Il y a quelques jours j’aurais dit ‘non’. Parce que le code de Nuremberg, qui influence grandement l’étique médicale, implique le consentement du patient dans l’administration de tout traitement. Mais il y a eu un antécédent dangereux au Brésil le 17 décembre, la plus haute juridiction du pays a autorisé le gouvernement à adopter des lois pour rendre la vaccination obligatoire. On ne forcera pas officiellement les Brésiliens à se faire vacciner, mais on pourra imposer des restrictions à ceux qui refusent de se faire vacciner : interdiction des lieux publics, interdiction de voyager à l’étranger ou d’exercer certaines activités.
En parlant de scénario positif , qu’en est-il ?
Si les campagnes de vaccination réussissent, c’est-à-dire : Les vaccins sont disponibles, les vaccins sont efficaces, les vaccins sont inoffensifs et les gens acceptent de se faire vacciner.
Est-ce que l’économie repartira avec ce scénario-là ?
Le modèle économique mondial était déjà en crise avant la pandémie. D’ailleurs, elle n’a fait qu’accélérer les choses et montrer que ce modèle était dangereux. C’est un modèle qui a réduit les humains au service de l’économie et non pas l’économie au service de l’humanité. Les analysent nous montrent que l’économie et l’emploi vont repartir et les perspectives de croissance selon l’OCDE sont positives.
La Chine fera +8% de croissance par exemple. Mais il faut regarder dans les détails, le diable est toujours dans les détails. Croissance et développement ne riment pas toujours. A qui bénéficiera cette croissance ? Au plus grand nombre ou à une minorité d’actionnaires de certaines industries ?
Ce qui semble certain, certaines secteurs mettront des mois voir des années à redémarrer comme la culture, l’événementiel, la restauration, le tourisme et l’aviation. D’un autre côté, les commerces qui sauront faire la transition vers le online, les services de livraison ont déjà commencé à s’en remettre voire à bénéficier de la crise.De manière générale, les diplômes perdront encore de la valeur face aux compétences d’adaptation et au soft skills : 62% des managers se déclarent prêt à recruter un candidat principalement sur ses compétences comportementales.
Mais le plus grand risque, c’est la nature de ce redémarrage, il risque de ressembler à une fuite en avant.

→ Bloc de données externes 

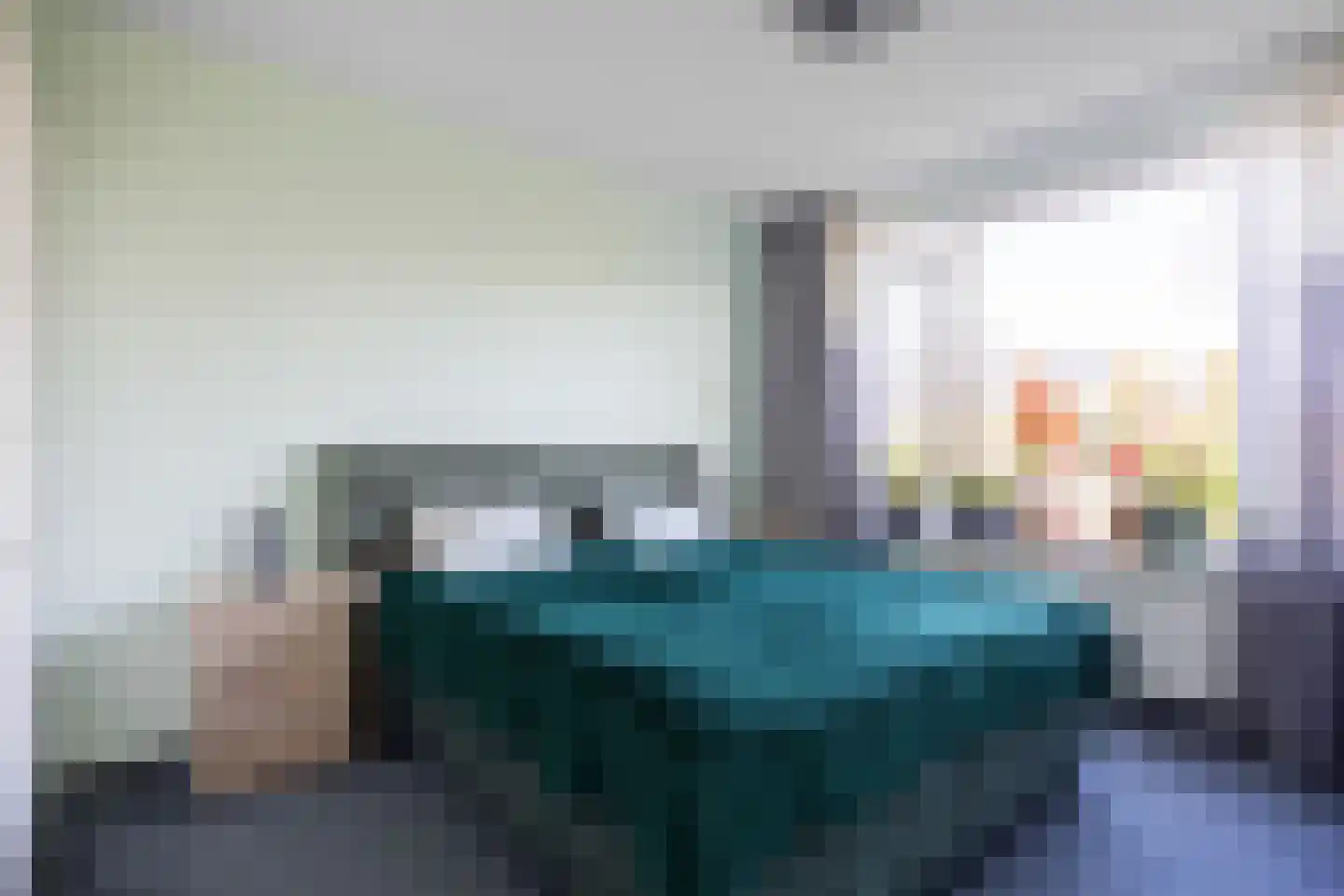 Costerijweg 39 Siddeburen thumbnail 23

Le capitalisme se suicide et il veut nous emmener avec lui dans la tombe. 2021 risque de ressembler à 2019 côté industries excavatrices et polluantes, c’est-à-dire nous allons assister au renouvellement des conditions qui ont causé cette pandémie. Et on pourrait avoir un COVID-21 ou 22 ou une autre pandémie dûe à ce modèle économique si on continue de produire et de consommer de cette manière-là.
Qu’est-ce que l’Etat peut faire dans tous les scénarios ?
En conclusion, la perspective de voir plusieurs vaccins contre la COVID-19 devenir largement accessible en 2021 a fait naître l’espoir d’une reprise prochaine. Mais, la route est encore longue parce qu’il y a plusieurs inconnues à l’équation. Les gouvernements doivent maintenir un soutien budgétaire exceptionnel et s’assurer que l’argent profite à ceux qui en ont le plus besoin.